** STORED DATA **
- Opening Delimiter -
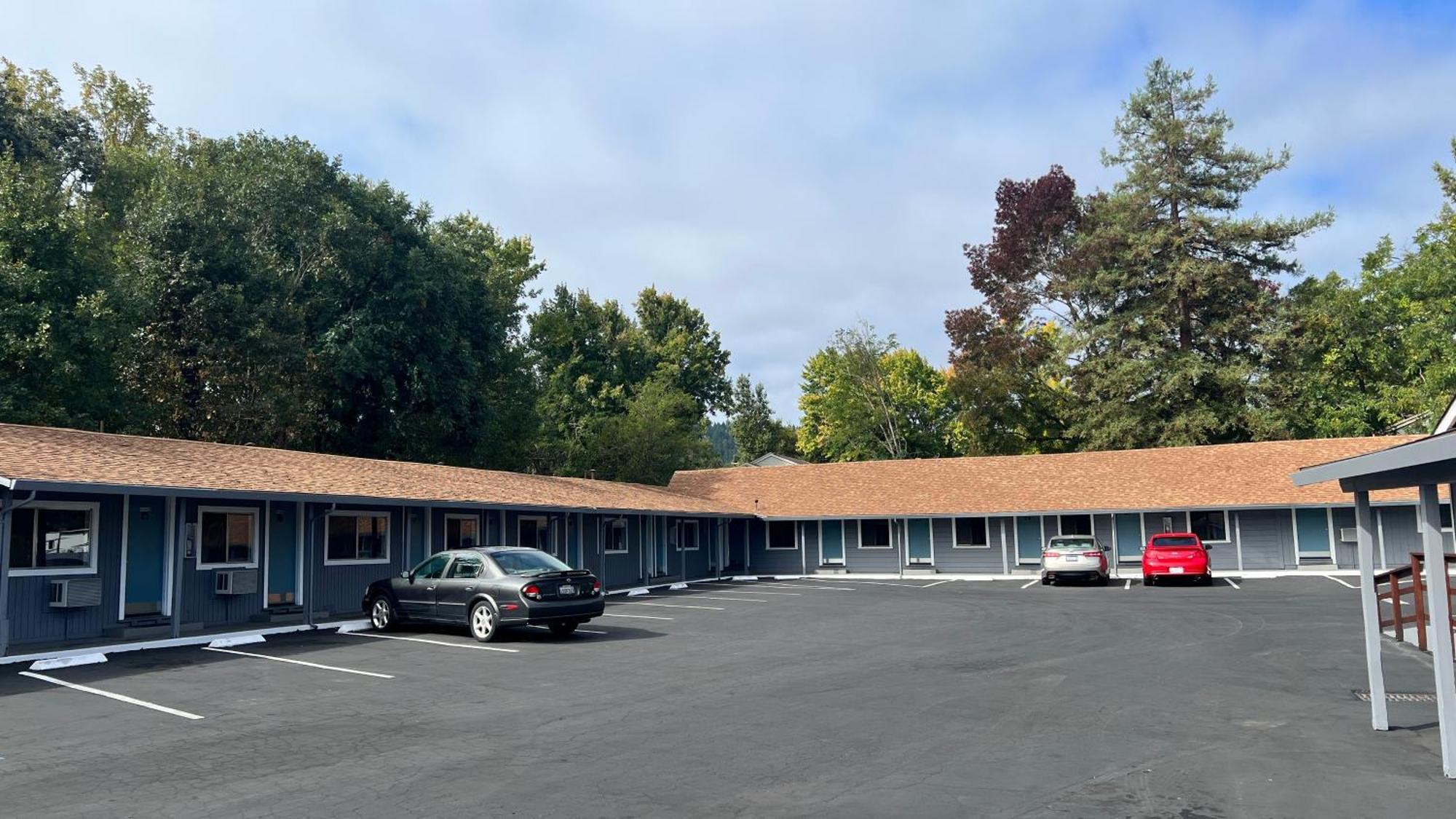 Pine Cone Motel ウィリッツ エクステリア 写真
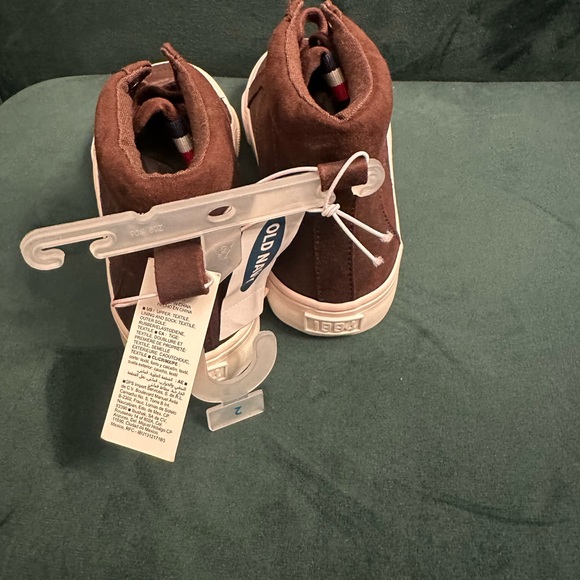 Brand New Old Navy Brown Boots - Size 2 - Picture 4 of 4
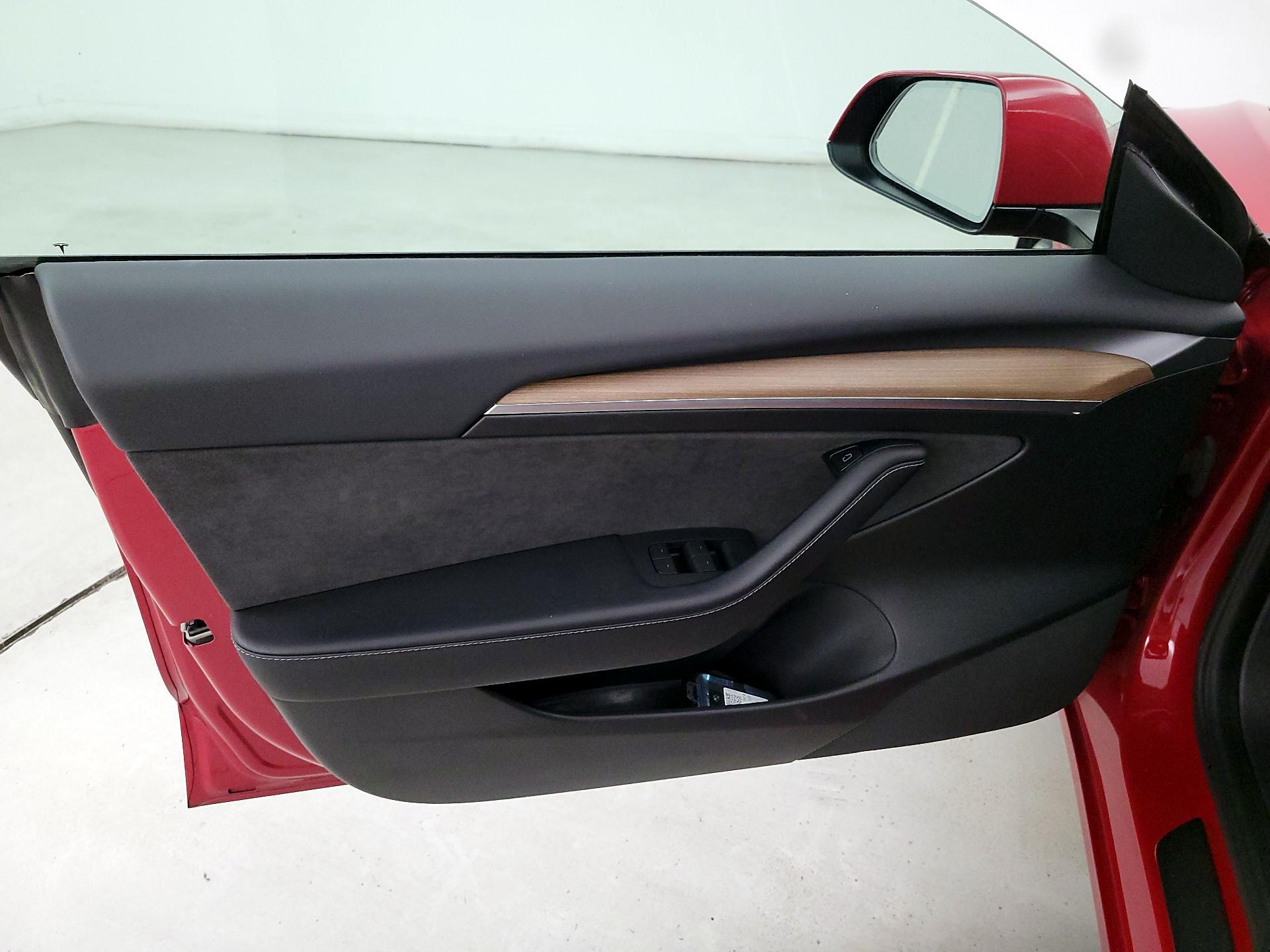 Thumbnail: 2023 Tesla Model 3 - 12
- Closing Delimiter -
- Opening Delimiter -
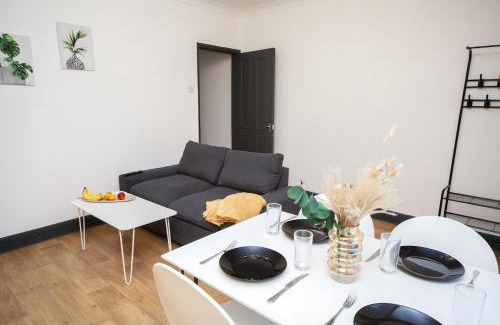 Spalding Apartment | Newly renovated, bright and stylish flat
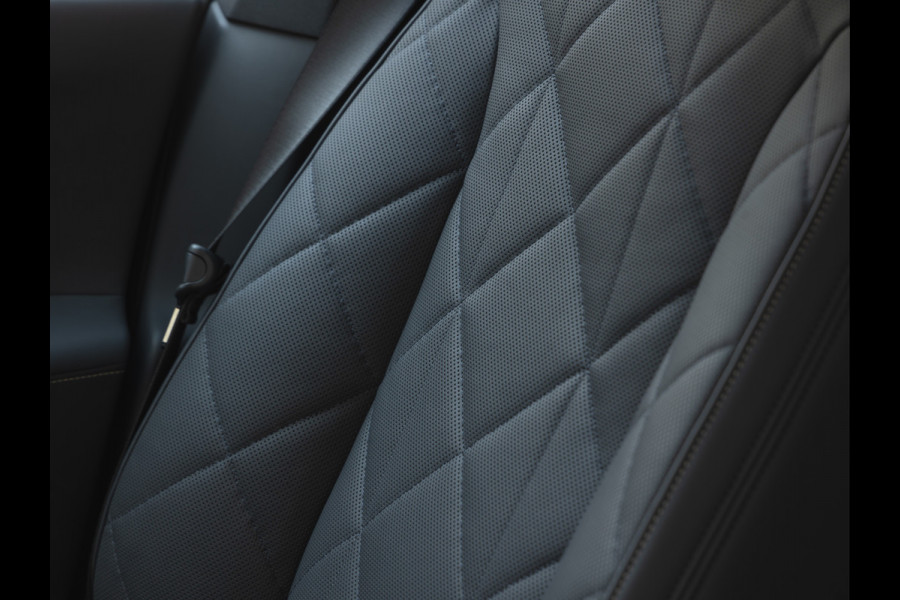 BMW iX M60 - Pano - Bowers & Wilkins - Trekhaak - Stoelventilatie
- Closing Delimiter -
** TRY IT **
Print the line above containing "Spalding Apartment |", the line containing "BMW iX M60 - Pano", and everything between them, exactly as written. Pictures stay out.

** EXERCISE SOLUTION **
 Spalding Apartment | Newly renovated, bright and stylish flat
 BMW iX M60 - Pano - Bowers & Wilkins - Trekhaak - Stoelventilatie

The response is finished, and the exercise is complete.